LA pépite du moment : Nectar Woode - Wine into Water ft. Elton John

 


OK c'est sorti au tout début de l’été.

Douce ballade au piano, un peu pop et jazz, un peu soul et Rn’B, qui pourrait rappeler (l’immense) Corinne Bailey Rae, Wine into Water traite de la nostalgie de la fin de la jeunesse et du passage à l’âge adulte. C’est tout simplement sublime, et la voix – ou plutôt la ligne de voix, si juste, sans en rajouter ‘trois tonnes’ – nous plonge dans un sentiment de béatitude et de douceur instantané.

Et la présence de Elton John n’a strictement rien à voir avec la beauté de la chanson.
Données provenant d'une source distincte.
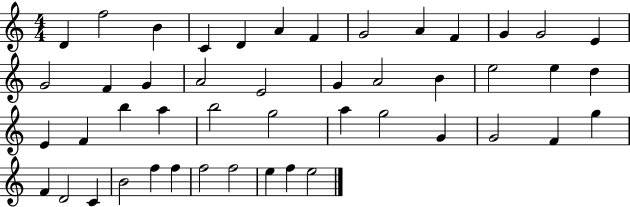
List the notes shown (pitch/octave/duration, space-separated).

D4/q F5/h B4/q C4/q D4/q A4/q F4/q G4/h A4/q F4/q G4/q G4/h E4/q G4/h F4/q G4/q A4/h E4/h G4/q A4/h B4/q E5/h E5/q D5/q E4/q F4/q B5/q A5/q B5/h G5/h A5/q G5/h G4/q G4/h F4/q G5/q F4/q D4/h C4/q B4/h F5/q F5/q F5/h F5/h E5/q F5/q E5/h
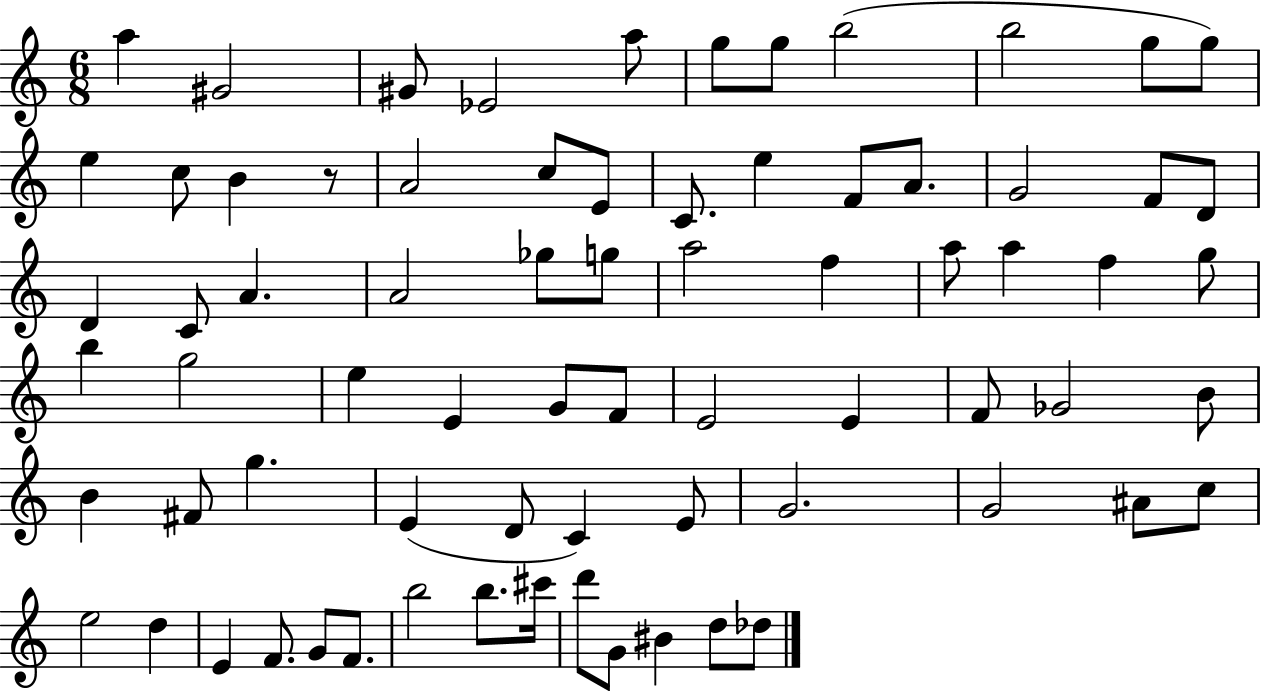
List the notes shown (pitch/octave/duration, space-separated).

A5/q G#4/h G#4/e Eb4/h A5/e G5/e G5/e B5/h B5/h G5/e G5/e E5/q C5/e B4/q R/e A4/h C5/e E4/e C4/e. E5/q F4/e A4/e. G4/h F4/e D4/e D4/q C4/e A4/q. A4/h Gb5/e G5/e A5/h F5/q A5/e A5/q F5/q G5/e B5/q G5/h E5/q E4/q G4/e F4/e E4/h E4/q F4/e Gb4/h B4/e B4/q F#4/e G5/q. E4/q D4/e C4/q E4/e G4/h. G4/h A#4/e C5/e E5/h D5/q E4/q F4/e. G4/e F4/e. B5/h B5/e. C#6/s D6/e G4/e BIS4/q D5/e Db5/e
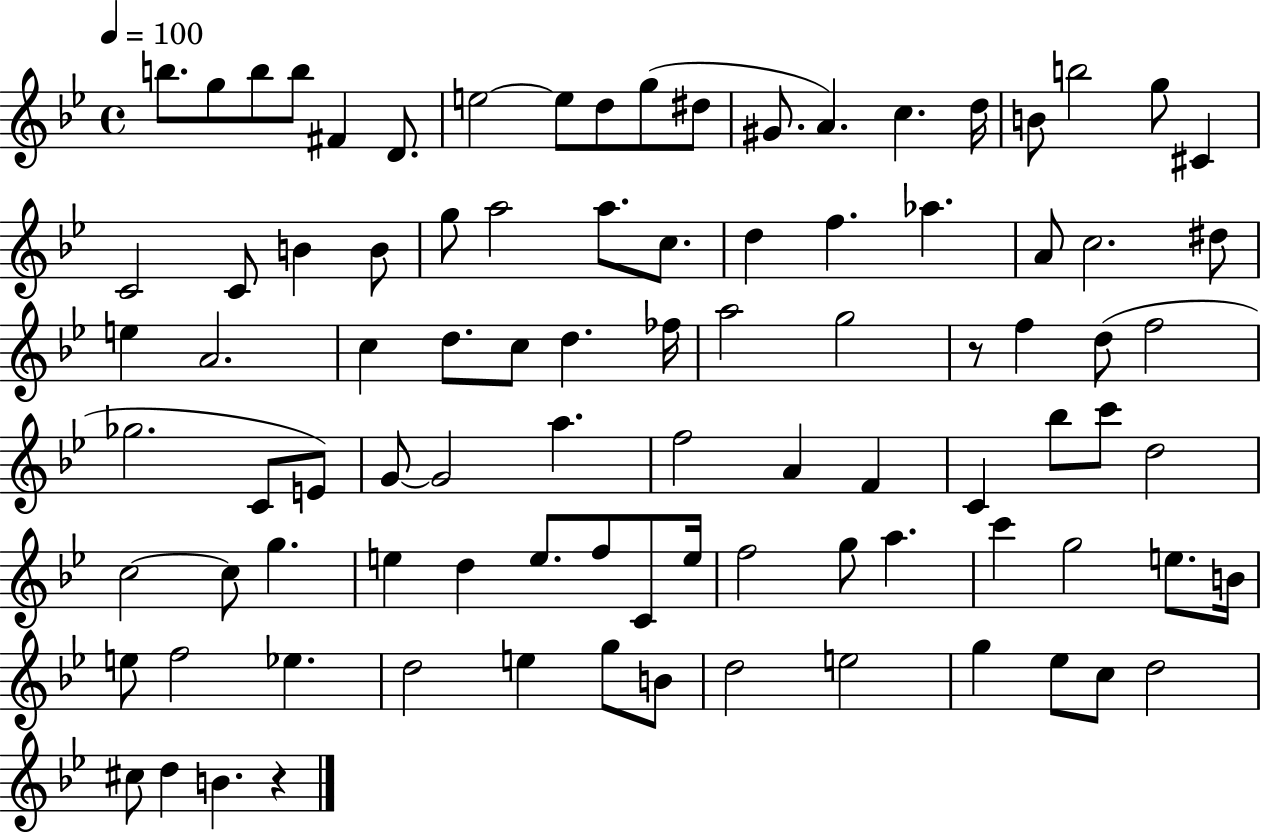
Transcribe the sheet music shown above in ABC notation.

X:1
T:Untitled
M:4/4
L:1/4
K:Bb
b/2 g/2 b/2 b/2 ^F D/2 e2 e/2 d/2 g/2 ^d/2 ^G/2 A c d/4 B/2 b2 g/2 ^C C2 C/2 B B/2 g/2 a2 a/2 c/2 d f _a A/2 c2 ^d/2 e A2 c d/2 c/2 d _f/4 a2 g2 z/2 f d/2 f2 _g2 C/2 E/2 G/2 G2 a f2 A F C _b/2 c'/2 d2 c2 c/2 g e d e/2 f/2 C/2 e/4 f2 g/2 a c' g2 e/2 B/4 e/2 f2 _e d2 e g/2 B/2 d2 e2 g _e/2 c/2 d2 ^c/2 d B z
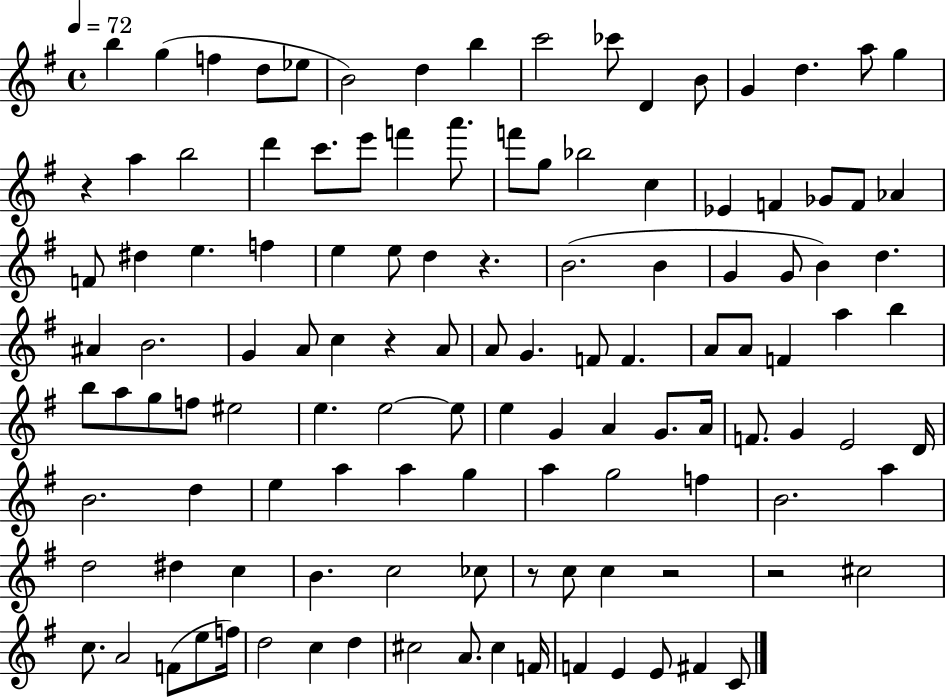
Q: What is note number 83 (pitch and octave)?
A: G5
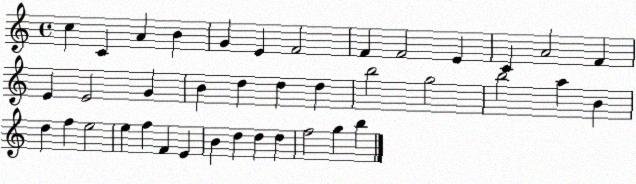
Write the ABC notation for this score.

X:1
T:Untitled
M:4/4
L:1/4
K:C
c C A B G E F2 F F2 E C A2 F E E2 G B d d d b2 g2 b2 a B d f e2 e f F E B d d d f2 g b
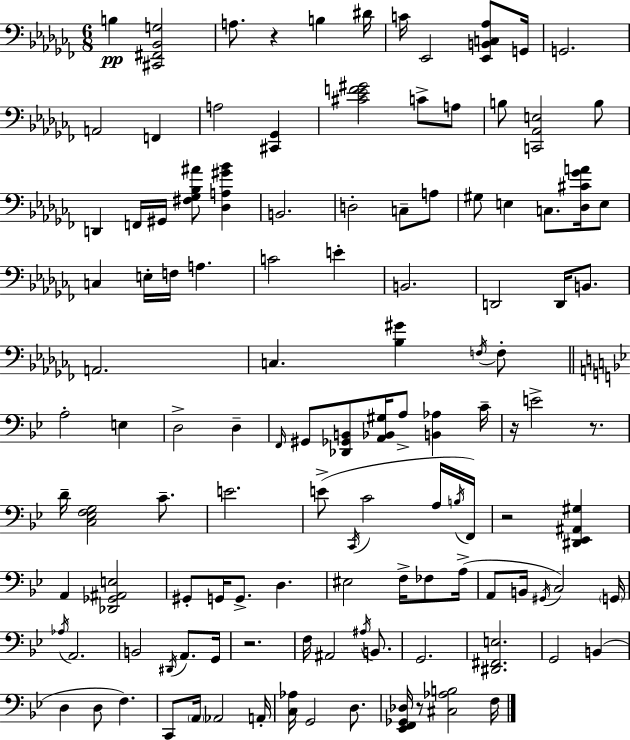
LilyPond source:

{
  \clef bass
  \numericTimeSignature
  \time 6/8
  \key aes \minor
  b4\pp <cis, fis, bes, g>2 | a8. r4 b4 dis'16 | c'16 ees,2 <ees, b, c aes>8 g,16 | g,2. | \break a,2 f,4 | a2 <cis, ges,>4 | <cis' ees' f' gis'>2 c'8-> a8 | b8 <c, aes, e>2 b8 | \break d,4 f,16 gis,16 <fis ges bes ais'>8 <des a gis' bes'>4 | b,2. | d2-. c8-- a8 | gis8 e4 c8. <des cis' ges' a'>16 e8 | \break c4 e16-. f16 a4. | c'2 e'4-. | b,2. | d,2 d,16 b,8. | \break a,2. | c4. <bes gis'>4 \acciaccatura { f16 } f8-. | \bar "||" \break \key bes \major a2-. e4 | d2-> d4-- | \grace { f,16 } gis,8 <des, ges, b,>8 <a, bes, gis>16 a8-> <b, aes>4 | c'16-- r16 e'2-> r8. | \break d'16-- <c ees f g>2 c'8.-- | e'2. | e'8->( \acciaccatura { c,16 } c'2 | a16 \acciaccatura { b16 }) f,16 r2 <dis, ees, ais, gis>4 | \break a,4 <des, ges, ais, e>2 | gis,8-. g,16 g,8.-> d4. | eis2 f16-> | fes8 a16->( a,8 b,16 \acciaccatura { gis,16 }) c2 | \break \parenthesize g,16 \acciaccatura { aes16 } a,2. | b,2 | \acciaccatura { dis,16 } a,8. g,16 r2. | f16 ais,2 | \break \acciaccatura { ais16 } b,8. g,2. | <dis, fis, e>2. | g,2 | b,4( d4 d8 | \break f4.) c,8 \parenthesize a,16 aes,2 | a,16-. <c aes>16 g,2 | d8. <ees, f, ges, des>16 r8 <cis aes b>2 | f16 \bar "|."
}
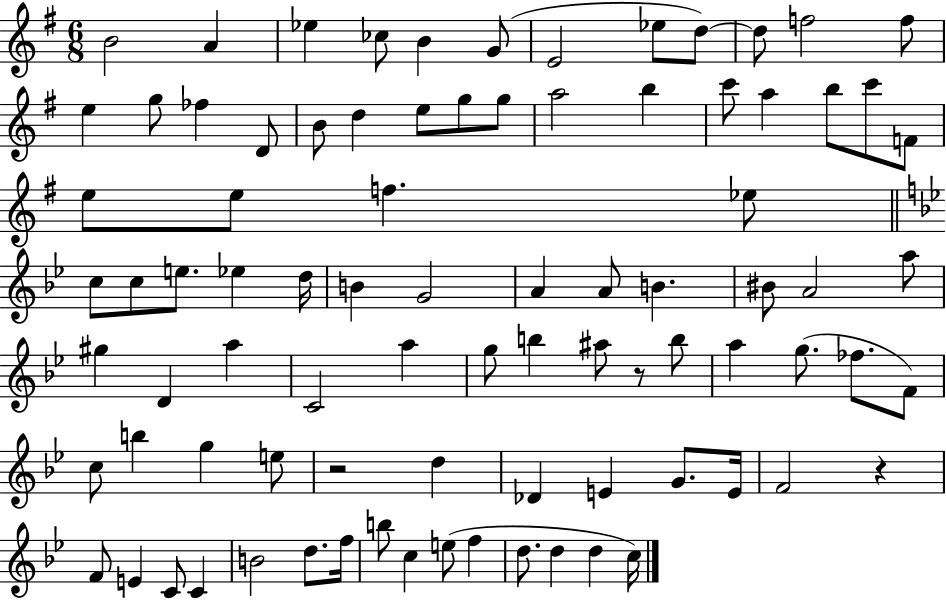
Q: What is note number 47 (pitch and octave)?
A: D4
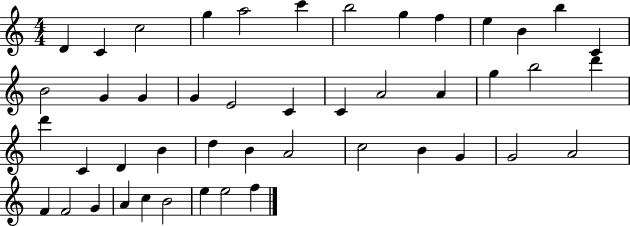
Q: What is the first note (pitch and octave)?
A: D4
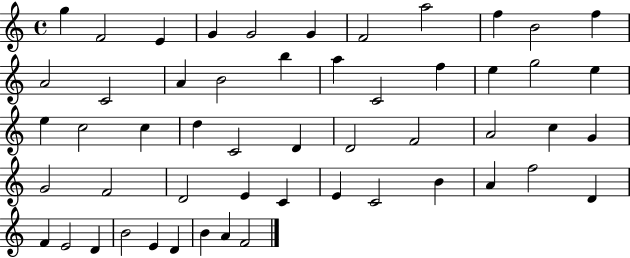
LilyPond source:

{
  \clef treble
  \time 4/4
  \defaultTimeSignature
  \key c \major
  g''4 f'2 e'4 | g'4 g'2 g'4 | f'2 a''2 | f''4 b'2 f''4 | \break a'2 c'2 | a'4 b'2 b''4 | a''4 c'2 f''4 | e''4 g''2 e''4 | \break e''4 c''2 c''4 | d''4 c'2 d'4 | d'2 f'2 | a'2 c''4 g'4 | \break g'2 f'2 | d'2 e'4 c'4 | e'4 c'2 b'4 | a'4 f''2 d'4 | \break f'4 e'2 d'4 | b'2 e'4 d'4 | b'4 a'4 f'2 | \bar "|."
}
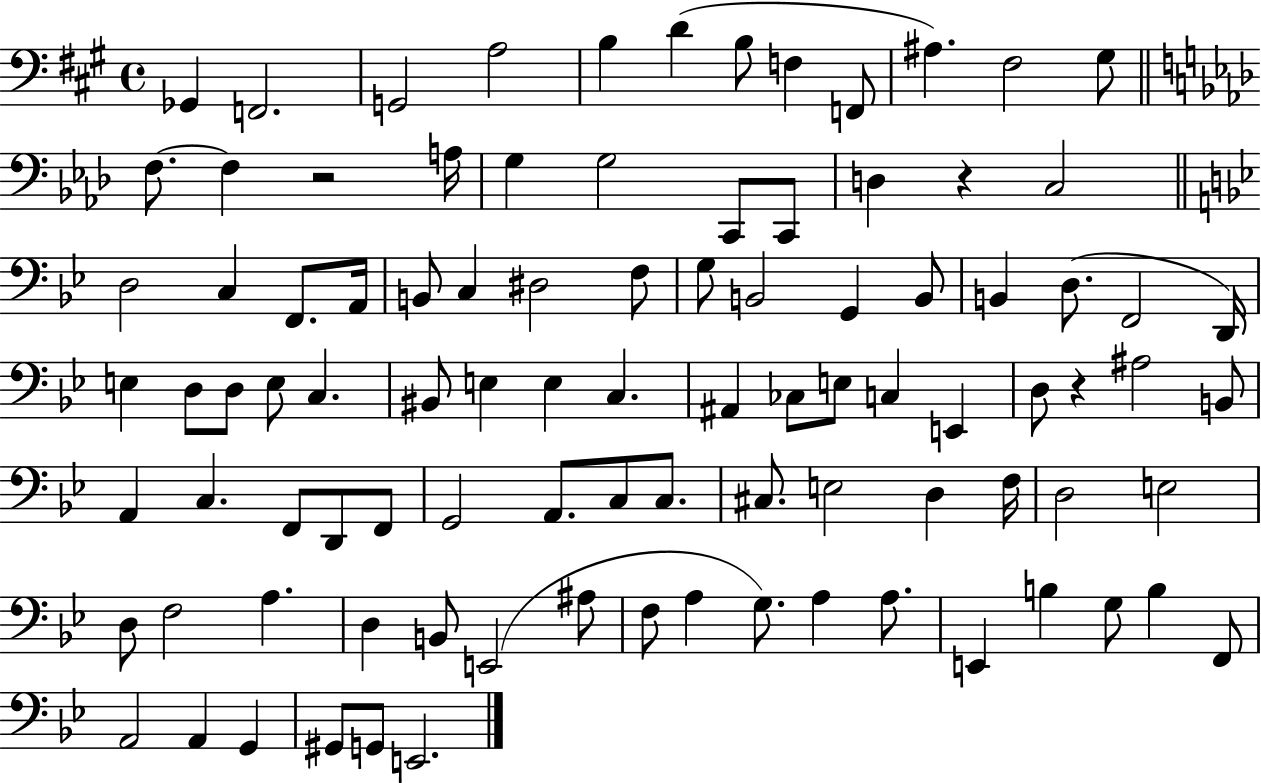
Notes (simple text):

Gb2/q F2/h. G2/h A3/h B3/q D4/q B3/e F3/q F2/e A#3/q. F#3/h G#3/e F3/e. F3/q R/h A3/s G3/q G3/h C2/e C2/e D3/q R/q C3/h D3/h C3/q F2/e. A2/s B2/e C3/q D#3/h F3/e G3/e B2/h G2/q B2/e B2/q D3/e. F2/h D2/s E3/q D3/e D3/e E3/e C3/q. BIS2/e E3/q E3/q C3/q. A#2/q CES3/e E3/e C3/q E2/q D3/e R/q A#3/h B2/e A2/q C3/q. F2/e D2/e F2/e G2/h A2/e. C3/e C3/e. C#3/e. E3/h D3/q F3/s D3/h E3/h D3/e F3/h A3/q. D3/q B2/e E2/h A#3/e F3/e A3/q G3/e. A3/q A3/e. E2/q B3/q G3/e B3/q F2/e A2/h A2/q G2/q G#2/e G2/e E2/h.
Il a juste accepté de jouer du piano sur cette chanson entièrement écrite par la jeune chanteuse compositrice anglaise. Il l'a suit depuis quelques années et en pense le plus grand bien.

Moi aussi.

Ce ne sera sûrement jamais un tube. Elle sera peut-être reprise dans une fin de série ou un générique final de film, tout au mieux.

En tout cas, moi je l’adore, je me la garde 😊 et je m’apprête à contre cœur à la rentrer dans la playlist – si longue – des chefs d’œuvres qui n’auront jamais ‘percé’…

A moins que ?


 

Le nouveau Down "Blood Oath"

 


 12 ans après leur dernière production (EP Down IV part 2) le supergroupe sludge de La Nouvelle-Orléans est de retour !

Cette fois la bande de Phil Anselmo (ce dernier semblant s'être sorti de sa léthargie et avoir retrouvé une nouvelle énergie, certainement grâce à la tournée de Pantera qui dure déjà depuis 3 ans) nous met vraiment l'eau à la bouche avec cet excellent premier single, issu du futur 5éme album 'Volume V' qui sortira le 22 novembre prochain.

"Blood Oath" commence par une intro à la guitare, bluesy et saturée, nous plongeant dans un climat 'crasseux' tout droit sorti du bayou. Puis c'est là que ça devient intéressant : le morceau démarre et fait place à un énorme riff mid tempo sludge -sûrement le meilleur pondu par Down depuis...Down II: A Bustle in Your Hedgerow ! (2002) - lourd, 'rentre-dedans' et groovy à souhait. Head-banging en mode: ON!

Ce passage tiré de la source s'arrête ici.